I realized I was going to miss my meeting with Mr. Sutton. It was odd to even consider something like that at this point, but it made me think of something else. “Lizzie?”

“What?”

“When John told me you were in trouble, was he talking about this? The heroin?”

“I told you,” she said, coughing spastically. “I'm not in trouble.” She wiped her nose on the sleeve of her dress.

There was no sense facing her problems when she wouldn't be around long enough to worry about them. Self-delusion is a wonderful thing.

I handed her my handkerchief. “Why don't you tell Adamo your father's
secret and then tell your father Adamo knows about it? He'll be able to figure a way out of the situation. He's a smart man. Surely he can do that.”

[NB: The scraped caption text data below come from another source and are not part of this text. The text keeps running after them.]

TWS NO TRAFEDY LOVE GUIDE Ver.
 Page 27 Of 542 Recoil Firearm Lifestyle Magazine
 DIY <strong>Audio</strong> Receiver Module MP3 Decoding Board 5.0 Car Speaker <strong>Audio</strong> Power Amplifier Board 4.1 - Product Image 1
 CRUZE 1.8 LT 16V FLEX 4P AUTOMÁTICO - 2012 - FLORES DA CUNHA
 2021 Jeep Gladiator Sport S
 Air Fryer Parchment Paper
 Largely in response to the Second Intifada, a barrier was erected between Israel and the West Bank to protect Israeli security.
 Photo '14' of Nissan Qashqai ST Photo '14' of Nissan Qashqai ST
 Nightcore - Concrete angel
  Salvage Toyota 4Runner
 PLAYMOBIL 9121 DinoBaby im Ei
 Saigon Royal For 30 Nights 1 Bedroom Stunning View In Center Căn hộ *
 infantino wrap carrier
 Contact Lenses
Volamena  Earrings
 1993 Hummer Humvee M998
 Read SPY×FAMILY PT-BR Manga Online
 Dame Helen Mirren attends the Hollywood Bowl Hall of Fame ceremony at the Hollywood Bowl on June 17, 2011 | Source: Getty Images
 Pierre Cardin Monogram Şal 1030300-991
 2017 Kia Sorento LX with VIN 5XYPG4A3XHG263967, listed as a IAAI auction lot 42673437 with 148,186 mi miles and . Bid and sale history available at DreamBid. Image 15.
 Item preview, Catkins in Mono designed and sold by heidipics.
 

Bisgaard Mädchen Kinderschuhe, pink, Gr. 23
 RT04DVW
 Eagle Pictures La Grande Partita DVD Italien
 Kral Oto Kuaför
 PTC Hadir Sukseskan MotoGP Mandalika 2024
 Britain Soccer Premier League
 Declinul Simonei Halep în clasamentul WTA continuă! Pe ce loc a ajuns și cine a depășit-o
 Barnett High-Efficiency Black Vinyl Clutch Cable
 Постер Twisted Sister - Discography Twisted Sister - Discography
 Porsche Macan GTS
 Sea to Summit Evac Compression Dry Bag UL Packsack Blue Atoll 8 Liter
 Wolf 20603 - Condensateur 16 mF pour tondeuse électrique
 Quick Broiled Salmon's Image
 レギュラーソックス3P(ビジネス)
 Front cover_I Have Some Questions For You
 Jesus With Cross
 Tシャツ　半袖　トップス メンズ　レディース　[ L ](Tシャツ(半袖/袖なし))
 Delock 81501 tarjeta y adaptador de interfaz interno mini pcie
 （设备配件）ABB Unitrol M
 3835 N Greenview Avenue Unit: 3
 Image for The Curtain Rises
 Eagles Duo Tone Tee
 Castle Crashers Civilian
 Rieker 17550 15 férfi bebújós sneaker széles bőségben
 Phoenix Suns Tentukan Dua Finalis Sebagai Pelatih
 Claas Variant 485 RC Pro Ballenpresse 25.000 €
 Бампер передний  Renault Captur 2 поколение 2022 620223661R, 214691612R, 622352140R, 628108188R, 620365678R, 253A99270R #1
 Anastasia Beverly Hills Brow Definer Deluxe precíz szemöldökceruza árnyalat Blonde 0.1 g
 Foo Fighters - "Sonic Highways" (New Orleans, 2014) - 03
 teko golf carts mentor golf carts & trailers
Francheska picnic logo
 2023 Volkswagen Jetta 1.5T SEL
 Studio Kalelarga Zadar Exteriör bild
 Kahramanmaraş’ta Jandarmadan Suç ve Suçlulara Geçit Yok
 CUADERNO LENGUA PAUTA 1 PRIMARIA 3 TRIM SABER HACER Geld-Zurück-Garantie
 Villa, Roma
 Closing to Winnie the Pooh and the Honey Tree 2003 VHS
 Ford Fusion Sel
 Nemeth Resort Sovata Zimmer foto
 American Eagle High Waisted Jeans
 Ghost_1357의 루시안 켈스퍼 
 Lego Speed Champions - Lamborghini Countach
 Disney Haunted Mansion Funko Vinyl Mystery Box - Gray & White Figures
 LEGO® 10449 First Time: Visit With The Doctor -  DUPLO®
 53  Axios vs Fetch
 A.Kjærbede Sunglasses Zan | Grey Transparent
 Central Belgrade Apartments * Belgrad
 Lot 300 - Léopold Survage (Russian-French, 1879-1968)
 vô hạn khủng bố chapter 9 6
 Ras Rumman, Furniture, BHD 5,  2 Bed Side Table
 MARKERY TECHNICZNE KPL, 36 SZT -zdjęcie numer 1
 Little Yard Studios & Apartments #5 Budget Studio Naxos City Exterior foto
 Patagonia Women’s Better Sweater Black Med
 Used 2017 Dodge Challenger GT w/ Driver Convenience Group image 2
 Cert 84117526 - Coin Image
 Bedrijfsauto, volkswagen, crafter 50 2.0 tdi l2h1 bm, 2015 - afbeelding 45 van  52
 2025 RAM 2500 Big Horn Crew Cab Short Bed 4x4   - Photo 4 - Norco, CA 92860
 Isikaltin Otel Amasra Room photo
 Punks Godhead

Elizabeth tucked her head down into her chest and curled up on the mattress. “He's my father. Let me keep a shred of dignity.”

The last word made my blood boil. “Dignity? That's a good one. Look at you, lying there in your own filth. That's dignity?” I jumped up and towered over her. “If you want dignity, you'll get cleaned up. You owe it to yourself. Hell, you owe it to me. But that's not going to happen until you tell Adamo your father's damnable secret. You've got to.”